Last year the Consumer Data Right (CDR) officially went live introducing open banking to Australia. This means that Australians can now securely share some of their banking data with certain companies that have been accredited to receive it. At this stage these "accredited data recipients" have read-only access to the data. This means that they can access the data, provide consumers with insights about the way they spend their money and help them better understand their products and services, but they cannot modify anything or make payments.

What could the future look like?

While this first stage of CDR is incredibly beneficial, and we are off to a good start, the open banking journey in Australia has only just begun.

The good news is that the Treasury ran a consultation looking at what else could be achieved through the CDR. In essence, what the CDR could look like in the future. The inquiry, which was led by KWM partner Scott Farrell, took into account 73 formal submissions and resulted in 100 recommendations.

Here at Finder, we're very excited about the potential benefits of the CDR and we did a comprehensive submission to this consultation to share our views. Our top recommendation was to expand the functionality of the CDR to enable frictionless account switching and payment initiation. This would allow for the CDR to not only empower Australians to take control of their personal data but also enable them to quickly use this information to take action and make better financial decisions.

So what did the Treasury recommend and what does this mean for Australians?

Scott Farrell and his team made over 100 recommendations, and came out strongly in favour of introducing "action-initiation" to the CDR.

This means that accredited data recipients would be able to take action on behalf of customers.This action could include switching providers, making payments, product applications and updating details. This is an important change. As we made clear in our submission, the current read-only version of the CDR gives people powerful insights on the way they spend money, but it is action-initiation that gives consumers the power to act on these insights quickly. Without write-access, a consumer would still have to go through the same slow process to change providers or make/cancel a payment. Allowing consumers to take action through the CDR will help millions of Australians make better financial decisions.

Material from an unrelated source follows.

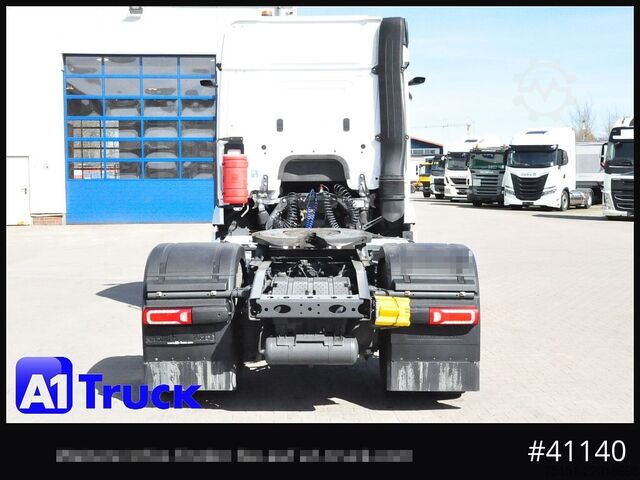 Tracteur routier standard MERCEDES-BENZ 1843, SZM, 2 Kreis-Hydraulik, Alufelgen, Mirrorcam,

The final report provides a good example of how this type of data and technology might be utilised in the future. Action-initiation CDR could be used to make moving house a far more seamless experience. Imagine changing your address for all your providers with just a few clicks, and opening new accounts with providers where required. This is the future made possible through these new proposals.

When will these changes come into effect?

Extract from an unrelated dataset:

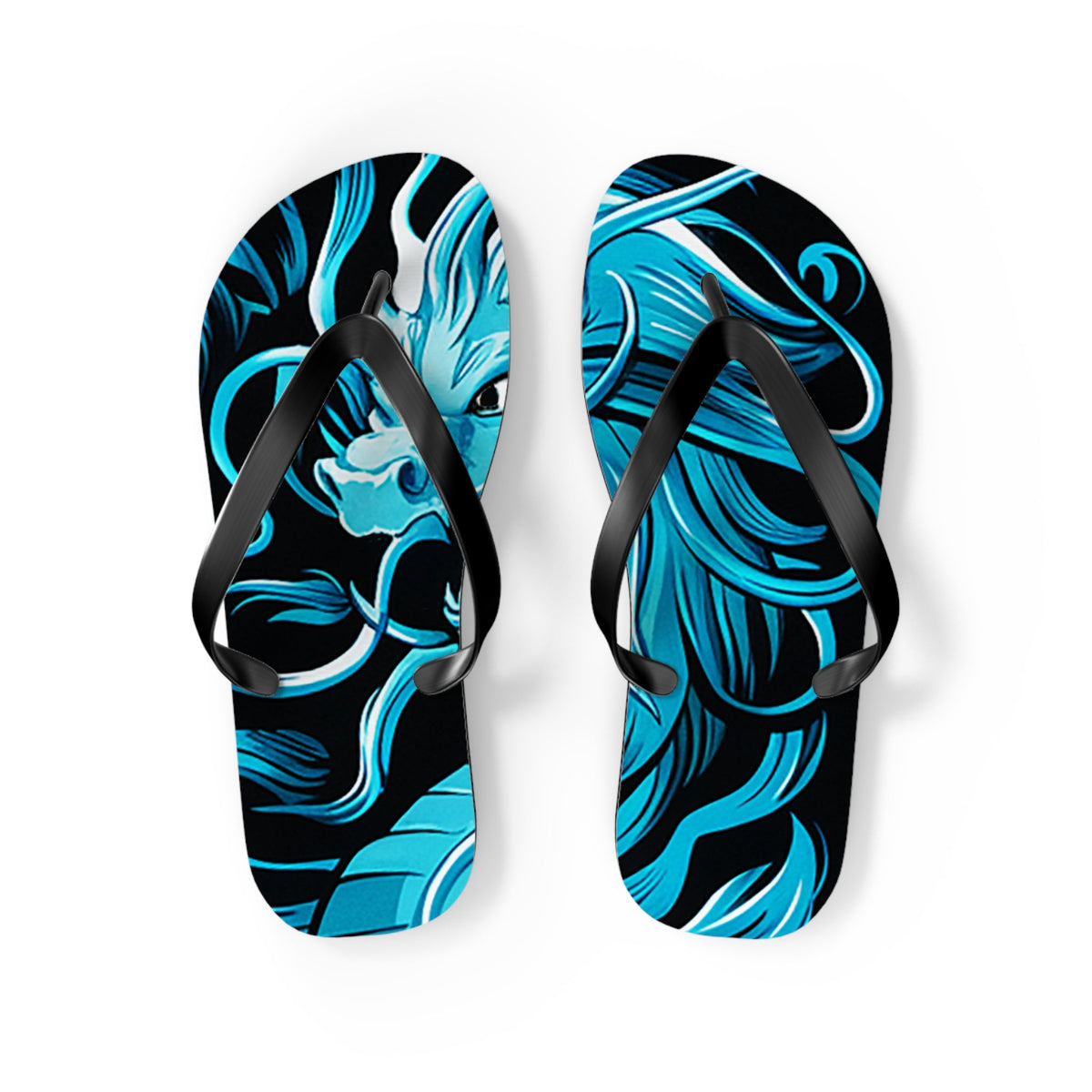 Majestic Reign Flip Flops – Royal Crown Beach Sandals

Even though these are Treasury recommendations, they still need to be approved by the government before they become a part of the CDR legislation. In the original open banking report that led to the CDR back in 2017, the government agreed to the recommendations from the Review and set out a timeline for introducing the reforms. At the time of writing there is no indication as to when these changes may be introduced, but it does seem likely that the recommendations will be accepted by the government sooner or later.